• [Problem requirements] Copy every line in the records below that contains the word "Antique".

Short descriptive text snippets:
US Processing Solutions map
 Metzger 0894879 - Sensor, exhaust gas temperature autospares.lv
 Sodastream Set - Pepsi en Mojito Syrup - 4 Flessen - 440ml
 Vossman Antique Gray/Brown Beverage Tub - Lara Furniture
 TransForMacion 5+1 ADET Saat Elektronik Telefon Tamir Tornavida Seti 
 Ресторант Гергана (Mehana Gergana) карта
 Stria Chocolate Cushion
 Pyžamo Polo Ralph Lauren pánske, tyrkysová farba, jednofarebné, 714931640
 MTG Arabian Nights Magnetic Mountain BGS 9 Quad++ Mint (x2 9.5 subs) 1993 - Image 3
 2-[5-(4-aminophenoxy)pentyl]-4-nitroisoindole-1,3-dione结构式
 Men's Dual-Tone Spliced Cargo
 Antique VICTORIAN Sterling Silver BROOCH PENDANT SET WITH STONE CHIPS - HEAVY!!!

• [Written solution]
 Vossman Antique Gray/Brown Beverage Tub - Lara Furniture
 Antique VICTORIAN Sterling Silver BROOCH PENDANT SET WITH STONE CHIPS - HEAVY!!!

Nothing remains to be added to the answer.